In part because it lends an even greater degree of clarity to the reasons for Thor Hearne's personal intervention in the federal investigation of the Missouri fee office scheme that was ongoing in 2006. Hearne has all but admitted that he had a hand in Lathrop & Gage's hiring of former Justice Department and criminal attorney William Mateja to contact U.S. Attorney Bud Cummins on behalf of Governor Matt Blunt while Cummins looked into allegations of impropriety in the award and management of state fee offices.
If Lott --who would likely have been at the center of any investigation of shady fee office practices-- was going to be talking to federal law enforcement about fee offices, Hearne would have been concerned about the potentially devastating possibility that Lott could be pressured into sharing information about any number of organizations and plots in which he was involved. Including his role as numbers cruncher for Hearne's Missouri "voter fraud" front, Center for Ethics and the Free Market.

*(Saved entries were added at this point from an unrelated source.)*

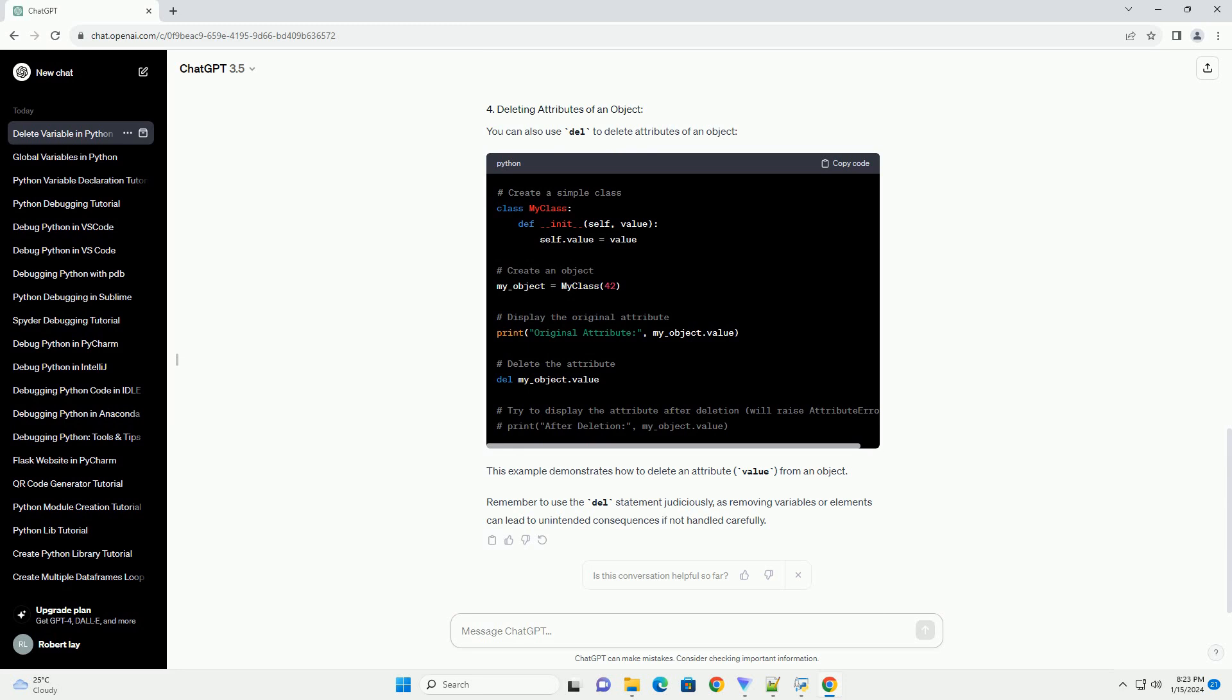Remember to use the del statement judiciously, as removing variables or elements can lead to unintended consequences if not handled carefully.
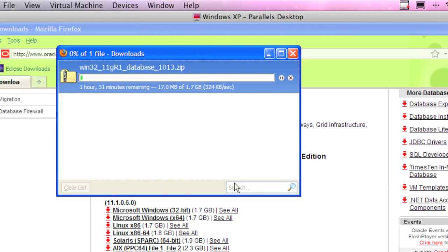It's fairly quick and fairly easy, but this download part is 1.7 gigabytes. It's going to take, according to this screen, one hour and 31 minutes. So download your file and return back once your file has been downloaded.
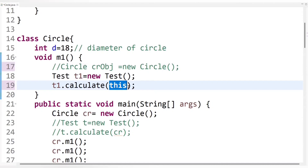In the complete scenario, I created the current class object once and am working on it without creating a new one. By using 'this' I am reusing the same current class object without creating another one — so reusability of the object increases, which can improve the performance of the program. It's better to reuse the same object again and again instead of creating hundreds of new objects and allocating memory to each. This is made possible by the 'this' keyword — it helps increase the reusability of the current object.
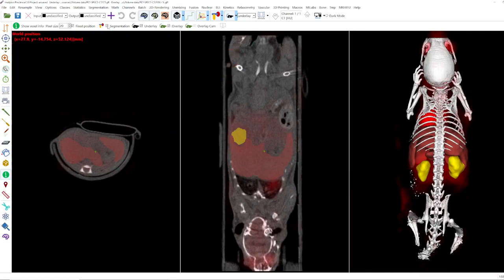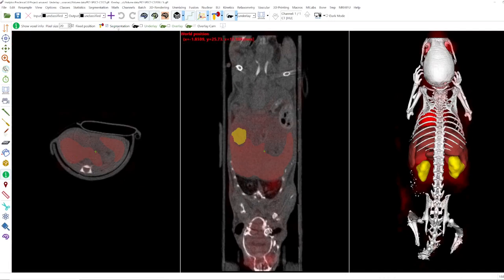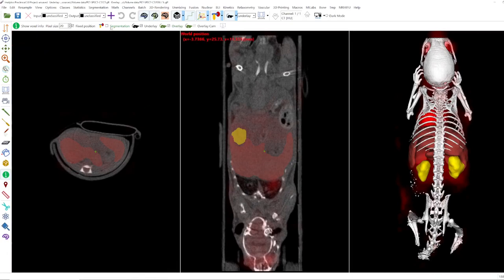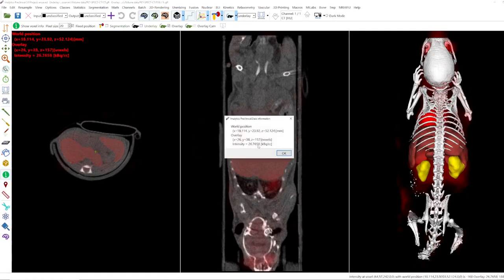You can also activate and deactivate the information you want to see. For example, if you want to see only the segmentation information like the class name, or only the information for the underlay — such as the voxel coordinates and intensity — or if you want to see all three, you can activate and deactivate whatever you need. This information will also appear in the box.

Hearne had every reason, beyond mere partisan allegiance or kinship with the Governor, to think that the Cummins fee office investigations could have very negative impacts on his own programs, like the house-of-cards alliance of phony voter fraud organizations that he'd worked so hard to build.
But more broadly, the discovery of Hearne's ties to the Center for Ethics and the Free Market serves as a reminder that is unproductive to think of either the "voter fraud" scheme, the fee office scheme, or plain-old GOP politics as separate and distinct from each other. At their core, they're all part of the same thing. The more digging that people do, the more they find the same players --longtime GOP stalwarts like Thor Hearne and Garrett Lott-- using trickery and institutions to ingrain permanent GOP advantages.
The folks who build a baroque structure of fee office management companies so that they can accrue financial political advantages for GOP campaigns are the same folks making up organizations to front for policy changes that would jury-rig the electoral system in favor of Republicans and are the same folks who try to keep all the players in all the schemes out of the lock-up. So, in a perverse way, I guess it makes sense for them all to use the same guy to file their IRS and FEC reports.
Point is, it's a small circle of people who continually crop up, each with one hand in the till and the other trying to rewrite the rules of the game so that no one will ever find out. And somehow they all either owe a debt of gratitude to Matt Blunt, or Blunt owes one to them. Or both.
Hearne will explain this as some irrelevant coincidence. He, like the governor and every other GOP blogger and apologist, has done everything possible to keep the "voter fraud" scheme, the U.S. Attorney firings story, and the Blunt fee office controversy a million miles apart from one another. With what we know now about the snug fit with Thor Hearne and Garrett Lott and their interlocking roles with several disparate pieces of the puzzle, the coincidence theory has gone from unlikely to implausible.